The town freed itself from the influence of the king in 1256 by destroying the palatine castle, now they were imperial free city. To this day buildings from this period characterize the townscape. You can find a remarkable town hall, its history reaches back to the 13th century. Furthermore visitors can discover an almost completely preserved town wall which is partly walkable, 11 preserved mediaeval churches and impressive stone as well as half timbered houses.
During the period of the Reformation and German Peasants revolt Mühlhausen was a centre because the radical reformer Thomas Müntzer preached in the town. He played an important role during this period and was finally executed in May 1525.
The Reformation also had influence onto musical traditions. Mühlhausen became a major centre for Protestant church music. The climax of the towns musical life came during Johann Sebastian Bachs time as organist at Divi Blasii Church from 1707 - 1708. The organ was rebuilt in 1959 according to Bachs original 1708 specification.
In 1802 the town lost its privileges as a free imperial city and became the administrative centre of Prussian district.

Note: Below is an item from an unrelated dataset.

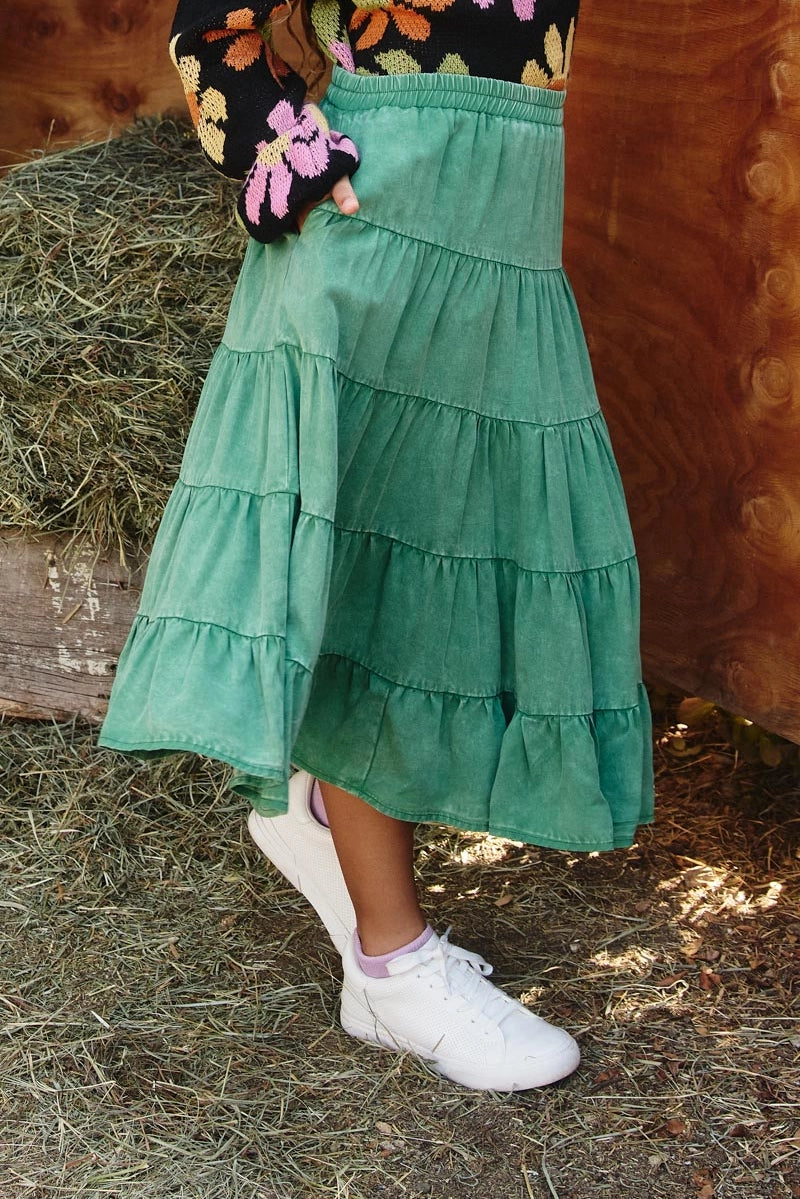 Two Tone Washed Tiered Skirt Green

The economy was based on textile production, wood growing, agriculture and long distance trade with these goods. During the 1848 revolution, it played an important role in the liberal movement. The onset of industrialization then brought expansion to traditional industries of Mühlhausen and introduced mechanical engineering and food production.
Some of these sectors are still today very important for the towns economy.
Mühlhausen in the Hanseatic League
Since 1286 the imperial free city was involved in the trade of the Hanseatic League. In mediaeval times the possibility for trades and alliances was limited, therefore connections to the near coastal cities in the northeast played a role for economic life in Mühlhausen. During the 14th and 15th centuries hanseatic activities generally took place through outposts in Lower Saxony. Important trade routes crossed the town and the industrial products were exported to England, Livland, Russia and Sweden.
Mühlhausen joined the modern Hanseatic League in 1990, the membership of the town is a well established part of its heritage. In 1996 a district of new houses in the north eastern part of Mühlhausen received the name Hanseviertel (Hanseatic district) with streets named after hanseatic cities.